> **Assignment**
A faithful copy is required: transcribe each line below exactly, minus the pictures.
--- Data supplied Enclosed Below ---
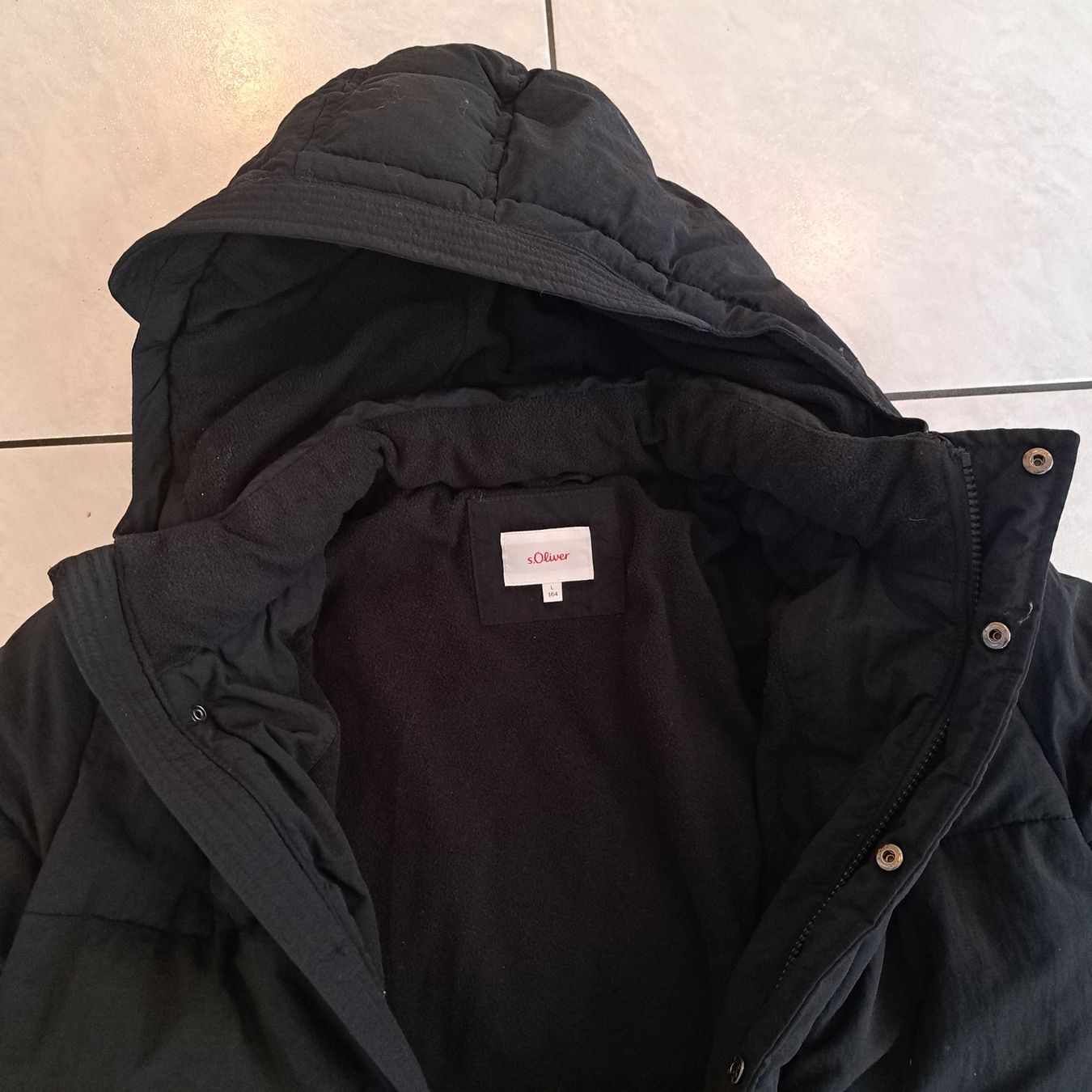 S.Oliver Giacche: Warme Winterjacke von s.oliver Gr. 164 – Usato da St. Margarethen TG venduto da Sunnycat 1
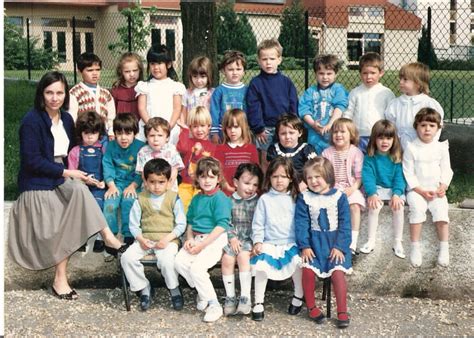 Photo De Classe Petite Section 1987 1988 De 1988 Ecole Maternelle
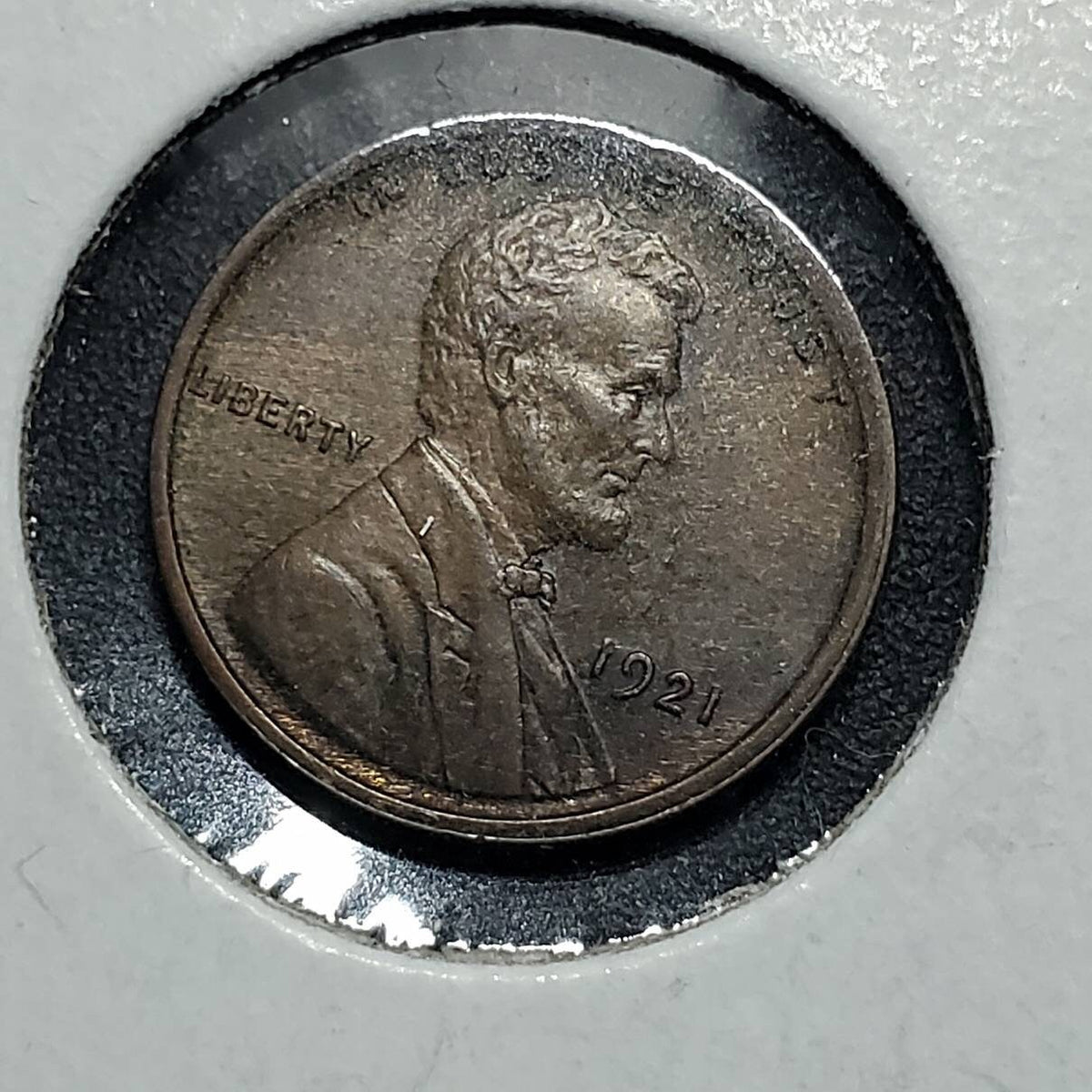 1921 Lincoln wheat cent gorgeous uncirculated penny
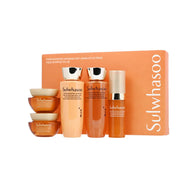 SULWHASOO Set Concentrated Ginseng Anti-aging Kit - set complet anti-aging cu ginseng: toner, emulsie, ser, cremă și cremă ochi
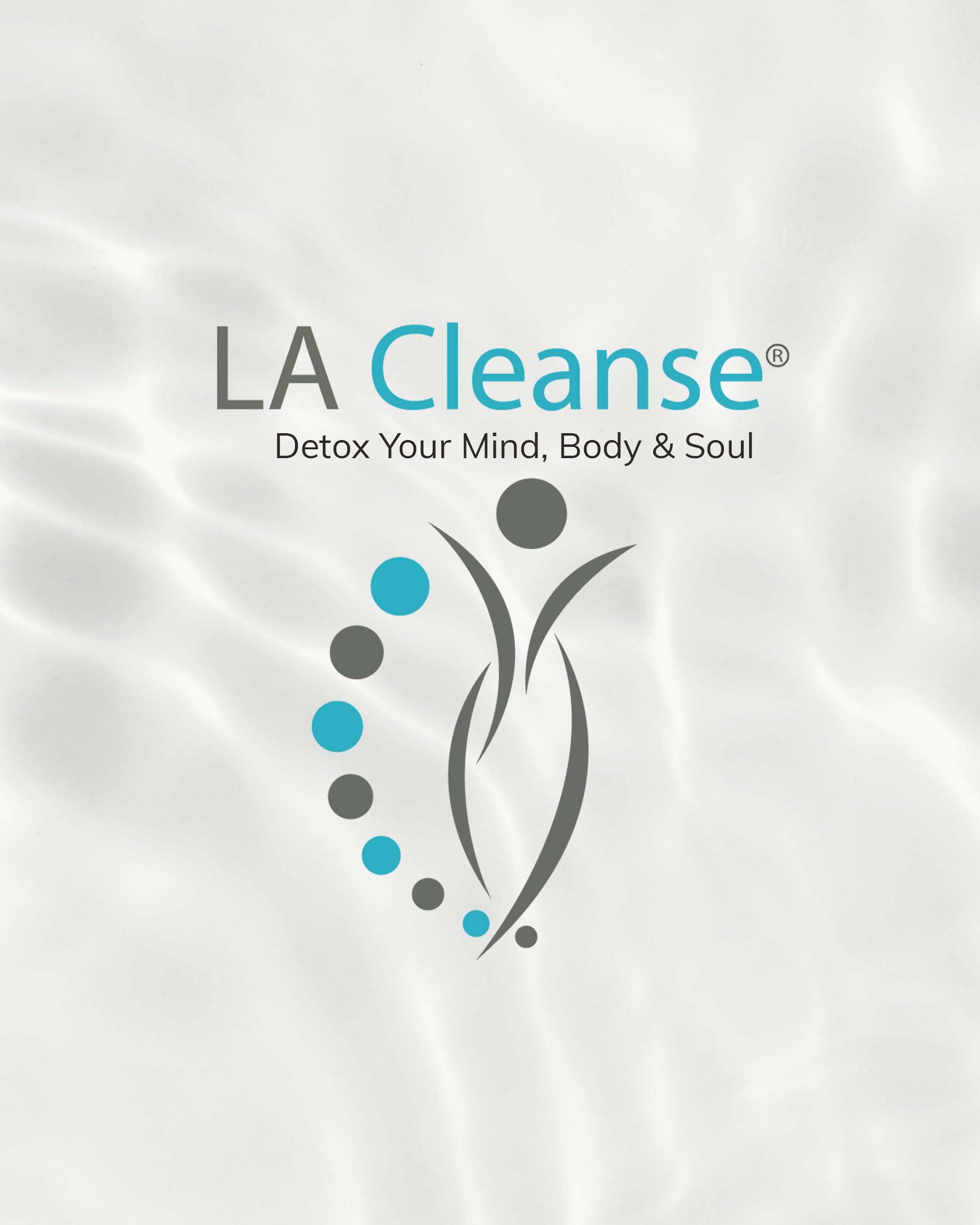 LA Cleanse Water Flush ingredients collection showcases herbal balance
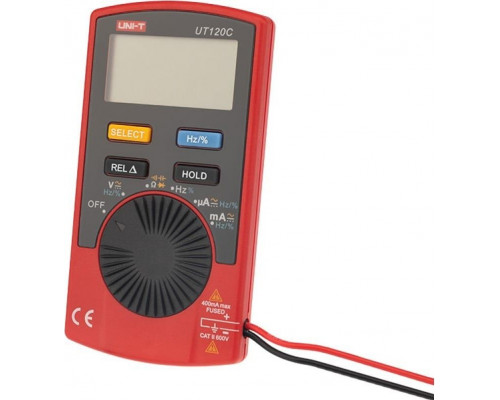 Мультиметр цифровой UNI-T UT120C портативный 13-0019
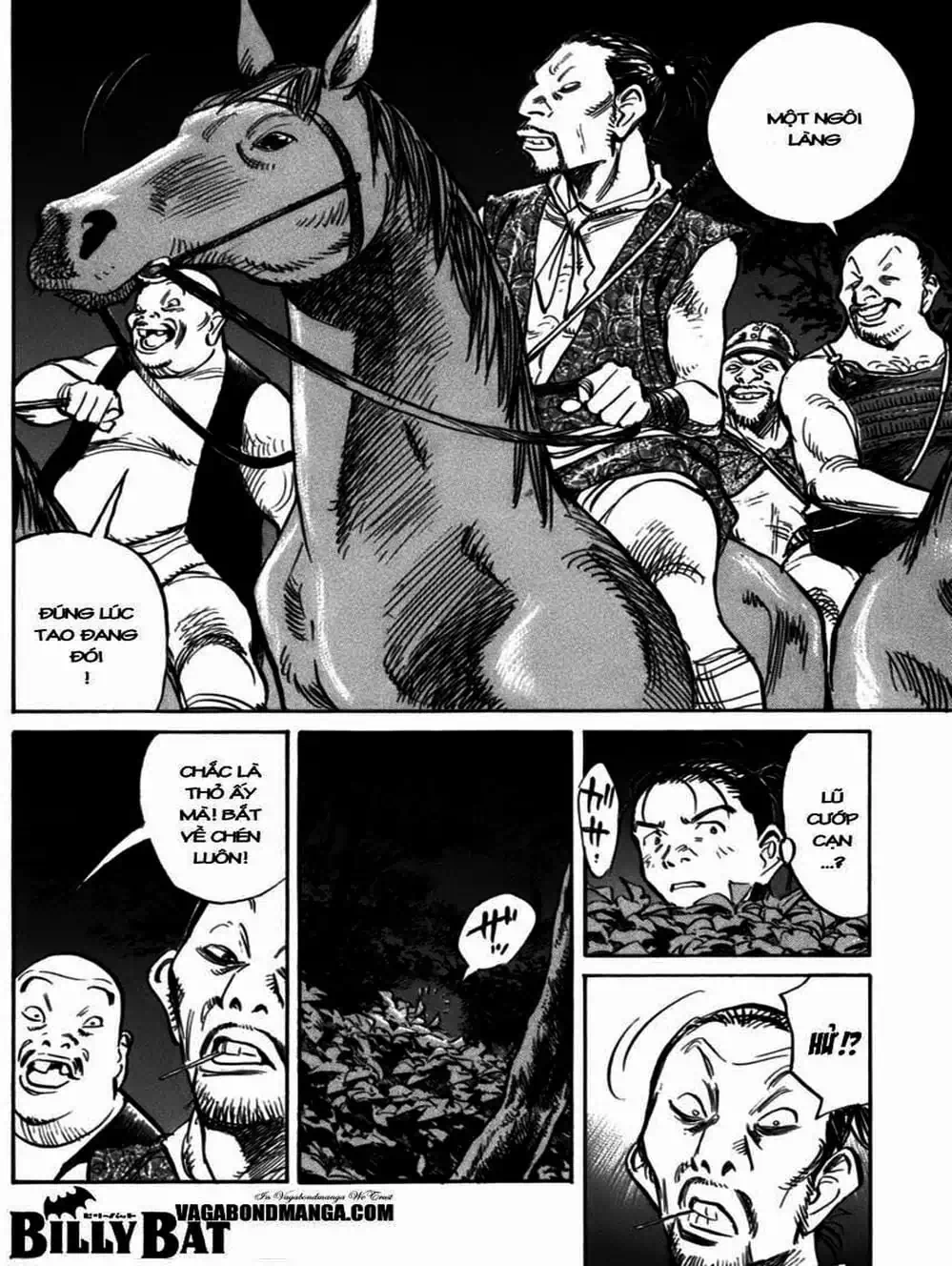 Truyện Tranh Billy Bat trang 7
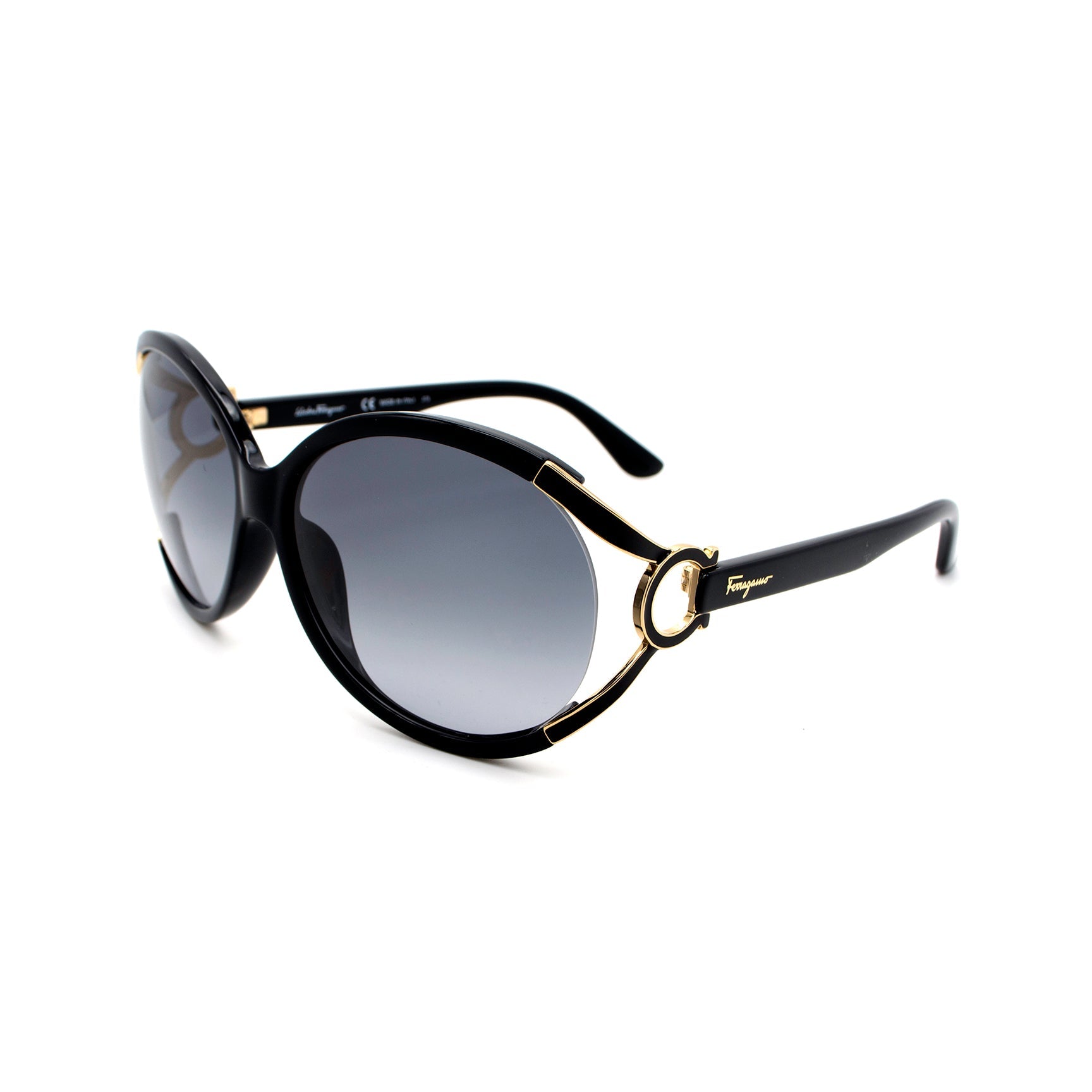 Salvatore Ferragamo Sunglasses SF600S-001-61-14-130 Non-Polarized FrameVault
--- End of Enclosed Data supplied ---
> **Exercise answer**
 S.Oliver Giacche: Warme Winterjacke von s.oliver Gr. 164 – Usato da St. Margarethen TG venduto da Sunnycat 1
 Photo De Classe Petite Section 1987 1988 De 1988 Ecole Maternelle
 1921 Lincoln wheat cent gorgeous uncirculated penny
 SULWHASOO Set Concentrated Ginseng Anti-aging Kit - set complet anti-aging cu ginseng: toner, emulsie, ser, cremă și cremă ochi
 LA Cleanse Water Flush ingredients collection showcases herbal balance
 Мультиметр цифровой UNI-T UT120C портативный 13-0019
 Truyện Tranh Billy Bat trang 7
 Salvatore Ferragamo Sunglasses SF600S-001-61-14-130 Non-Polarized FrameVault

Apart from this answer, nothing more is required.